My dream is not Hollywood, but to perform my act in English to 30 people in a Soho comedy club, to show New Yorkers what they look like from the French point of view.
My name, my origins, my background and my experiences are what leveraged my success. The angle of the immigrant, through which I examined the reality in France, distinguished me.
I like to do comedy. It’s my real passion. I want to make people laugh.
Morocco is completely alive for me because I spent about a third of my life there. The first few times I went back to Casablanca, I walked through the streets and remembered how years earlier I had walked those same streets and prayed that a miracle would happen and I would leave and become famous.
Actually, I don’t like dogs. I’m from Morocco, and people there don’t like animals.
Comedy in America is very serious. Either they laugh, or they don’t.
Journalists ask me, ‘Why don’t you ever talk about sex in your performances?’ True, I don’t talk about sex – not in my personal life and not in my professional life. This is modesty.
I don’t feel any need to play the role of the clown. In my private life I take a break from humor.

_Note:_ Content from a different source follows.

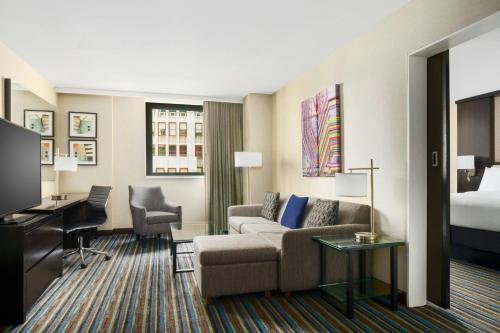 a hotel room with a couch and a bed at Courtyard New York Manhattan/Times Square in New York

When you succeed, at a certain point, you want to challenge yourself. Otherwise, you become boring. You become a has-been. It’s not very interesting. I don’t want to be this guy who has only succeeded in France. I could say, ‘O.K., that’s it; merci.’ But I’m not interested in that.
There were two things I used to do to seduce girls: jokes and music. Since I’m not a great pianist, jokes were my thing.